I can clearly recall the moment when I sat at the branches of -I don't know the tree's name, -in the right corner of my front yard. I sat there for quite long, observing people on the street. A man passed by the street, he looked like walking without expression. I created the story about him in my own mind. Maybe he has no money, maybe his family and children are waiting for him to come with no results. Maybe he is thinking about what to say..etc. Minutes later, other people walked by the street. Some students, some young mothers with their children. My story developed an developed, until I've had enough, climbed down and looked for some food or water in the fridge or food shelves. It's not the sneaking part that I liked, it's the 'flying' part I guess. I like to imagine myself being down there, and somebody watches over me from an elevation, and wondering how small I must be in the other's view. I can imagine if even myself can look that small, my problem must be even smaller..

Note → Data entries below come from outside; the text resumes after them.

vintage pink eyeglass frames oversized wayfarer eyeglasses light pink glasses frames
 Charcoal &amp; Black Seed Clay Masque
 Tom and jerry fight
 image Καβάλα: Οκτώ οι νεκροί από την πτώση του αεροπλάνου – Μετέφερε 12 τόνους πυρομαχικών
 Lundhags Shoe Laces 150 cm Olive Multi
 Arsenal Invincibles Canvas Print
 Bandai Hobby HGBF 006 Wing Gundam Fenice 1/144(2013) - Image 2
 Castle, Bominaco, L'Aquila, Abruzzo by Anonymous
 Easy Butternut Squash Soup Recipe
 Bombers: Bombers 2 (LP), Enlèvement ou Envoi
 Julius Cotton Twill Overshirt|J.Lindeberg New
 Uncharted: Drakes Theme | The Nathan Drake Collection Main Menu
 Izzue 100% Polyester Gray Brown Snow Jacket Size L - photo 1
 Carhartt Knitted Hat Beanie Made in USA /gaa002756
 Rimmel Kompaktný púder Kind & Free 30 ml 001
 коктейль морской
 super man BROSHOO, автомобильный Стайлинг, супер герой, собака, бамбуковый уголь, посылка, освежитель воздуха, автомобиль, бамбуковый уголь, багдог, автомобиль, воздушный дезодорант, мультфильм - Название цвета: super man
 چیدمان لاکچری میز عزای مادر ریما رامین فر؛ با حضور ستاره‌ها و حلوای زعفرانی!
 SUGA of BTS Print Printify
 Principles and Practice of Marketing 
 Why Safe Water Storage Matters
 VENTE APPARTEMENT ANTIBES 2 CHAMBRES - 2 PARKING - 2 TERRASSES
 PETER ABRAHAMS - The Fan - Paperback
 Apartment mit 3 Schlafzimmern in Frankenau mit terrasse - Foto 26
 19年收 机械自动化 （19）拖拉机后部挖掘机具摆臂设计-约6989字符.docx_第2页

This 'amateur climbing career' if you like, ended quite unsuccesfully in Surabaya, unfortunately, when I was on the first grade in colleague. I and my room mate were so tempted by the look of our landlord's sweet red jambu air hanging, moving slowly when the wind flowed(yes, we felt like Eve who were tempted by the forbidden fruit in Eden), so we decided to climb the tree, quite acrobatic, through the house's asbestos roof, jumped on the branches, and only God knew how we managed to get through the top. The last images I've had in my mind was that both of us fell through the asbestos roof in one of the kost room in the ground floow, just beside the bed of one male anak kost, we were lucky enough though, that there was no sign of his presence in that room. Once the consciousness returned, we ran to our room in the 1st floor and kept silent until we heard the thunder voice of the bapak kost from the main house looking for the "perpetrators". I totally forgot how the story ended. I could not recall we confessed, I think we did though. There's no way that he would let us free just like that. He's stingy and very calculated in everything he's done, that's what I remember.

Nowadays I learned to choose more secure ways to enjoy elevation. Such as this time. in the tall building, or in the airplane. During take off of the plane (one of my favorite moment in the plane is the take off, before the sight right down the plane gets boring because the plane's elevation is too high). Moreover, I think the society considers it's quite abnormal for a woman in her thirties to climb trees at home anymore. I might not give a damn care, but to comply with one of my principle of life: avoid the avoidable problems and questions, I'd chose not to continue the 'career' anymore. And there, down there now, there are fewer cars in the street. They're going so very slow. The night is young I know, but the clock is ticking. These papers and chapters must be finished..

I choose to end my posting here tonight. For the sake of..I don't know. Efficiency? Sanity? Diploma? Grades? Certificate? Ah yes, a ticket back to equator, a land not far away from here.